Seperti diketahui, Pasal 28 ayat (3) UU Polri menyatakan anggota Polri dapat menduduki jabatan di luar kepolisian setelah mengundurkan diri atau pensiun. Namun demikian, penjelasan pasal itu justru mencantumkan frasa yang menimbulkan celah hukum.
Menurut pemohon, frasa tersebut mengaburkan makna norma pasal secara keseluruhan. Sebagai contoh, mereka menunjuk Komjen Pol Setyo Budiyanto yang menjabat Ketua KPK dan Komjen Pol Eddy Hartono sebagai Kepala BNPT.

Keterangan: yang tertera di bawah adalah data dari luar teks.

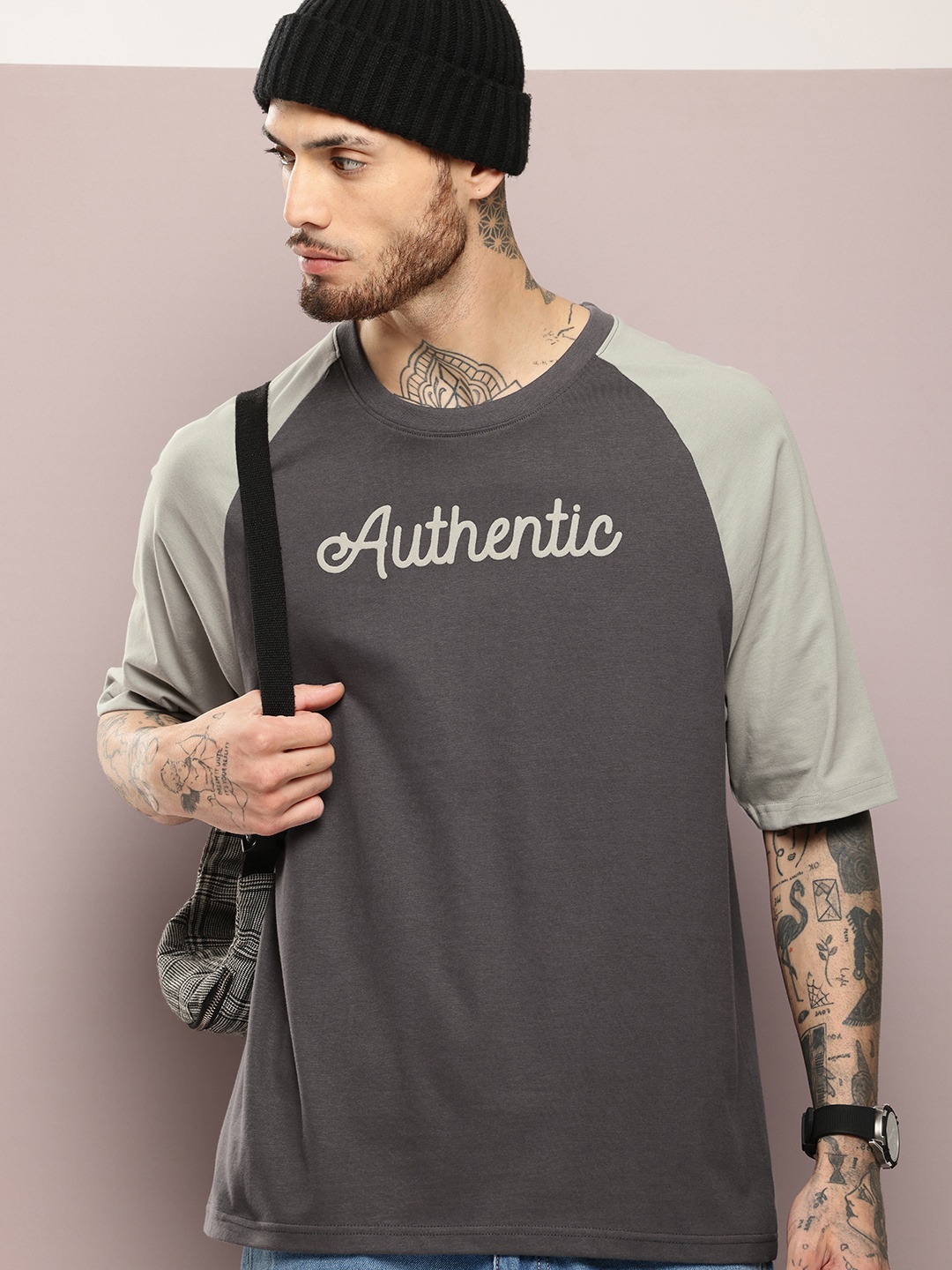 

DILLINGER Men Typography Printed Embossed Oversized T-shirt, Grey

Menanggapi hal ini, Hakim Konstitusi Ridwan Mansyur menjelaskan Pasal 28 ayat (3) UU Polri sejatinya menegaskan satu hal penting. Yaitu, anggota Polri hanya dapat menduduki jabatan di luar kepolisian setelah mengundurkan diri atau pensiun.
Lebih lanjut, mengundurkan diri atau pensiun merupakan persyaratan yang harus anggota Polri penuhi untuk menduduki jabatan di luar kepolisian. Karena itu, Ridwan menegaskan rumusan itu sudah jelas dan tidak perlu tafsiran lain.

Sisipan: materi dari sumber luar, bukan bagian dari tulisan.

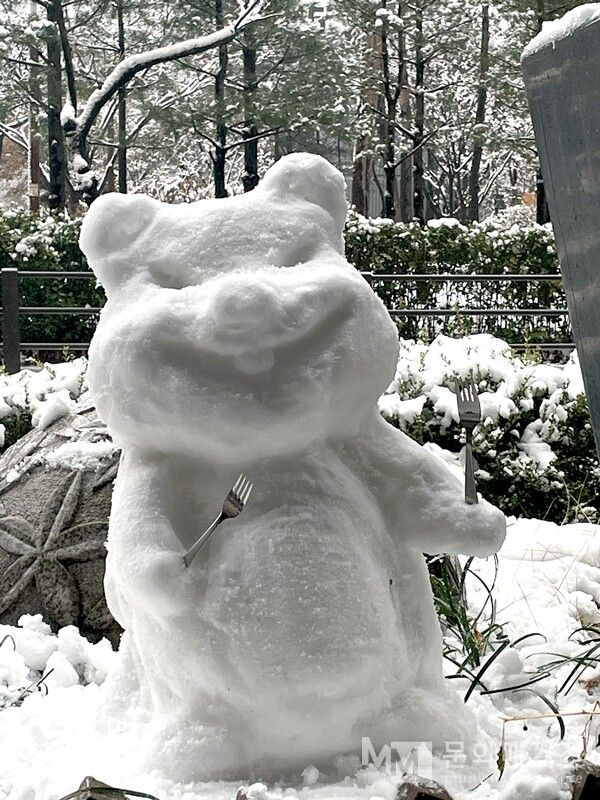 ▲ 잔망 루피 모양의 눈사람 / 사진: 권선미 제공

“Tidak ada keraguan, rumusan demikian adalah rumusan norma yang expressis verbis (jelas) yang tidak memerlukan tafsir atau pemaknaan lain,” tuturnya.
MK Perbaiki Frasa Bermasalah yang Ciptakan Ketidakpastian Hukum
Dalam pertimbangannya, Mahkamah merujuk UU Nomor 12 Tahun 2011 tentang Pembentukan Peraturan Perundang-Undangan. Berdasarkan UU tersebut, bagian penjelasan seharusnya tidak boleh mencantumkan rumusan yang berisi norma.

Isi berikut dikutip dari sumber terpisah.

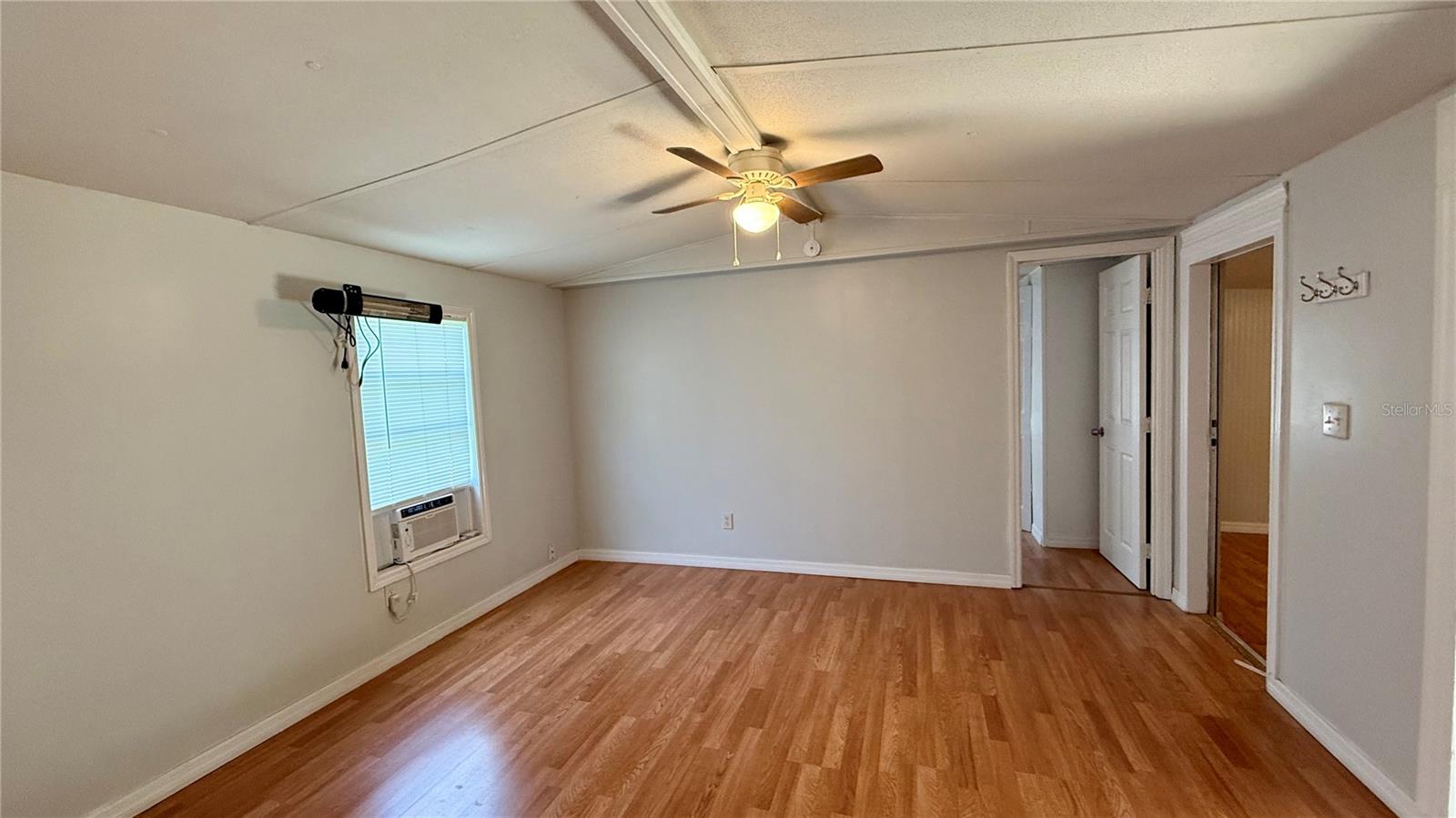 Image 3 of 20 For 5109 Hibiscus Road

Menurut MK, frasa “yang dimaksud dengan jabatan di luar kepolisian adalah jabatan yang tidak mempunyai sangkut paut dengan kepolisian” dinilai sudah cukup jelas. Hal ini karena frasa itu menjelaskan norma dalam batang tubuh UU.
“Sehingga tidak mengakibatkan terjadinya ketidakjelasan dari norma dalam Pasal 28 ayat (3) UU 2/2002,” katanya.
Di sisi lain, frasa “atau tidak berdasarkan penugasan dari Kapolri” justru tidak memperjelas norma Pasal 28 ayat (3) UU Polri. Akibatnya, ketidakjelasan terhadap norma pasal tersebut terjadi.
“Perumusan yang demikian berakibat menimbulkan ketidakpastian hukum dalam pengisian bagi anggota Polri yang dapat menduduki jabatan di luar kepolisian dan sekaligus menimbulkan ketidakpastian hukum bagi karier ASN yang berada di luar institusi kepolisian,” ucap Ridwan.
Pada akhirnya, Mahkamah menyimpulkan frasa “atau tidak berdasarkan penugasan dari Kapolri” bersifat rancu dan menimbulkan ketidakpastian hukum. Oleh karena itu, frasa itu tidak sesuai dengan amanat Pasal 28D ayat (1) UUD NRI Tahun 1945.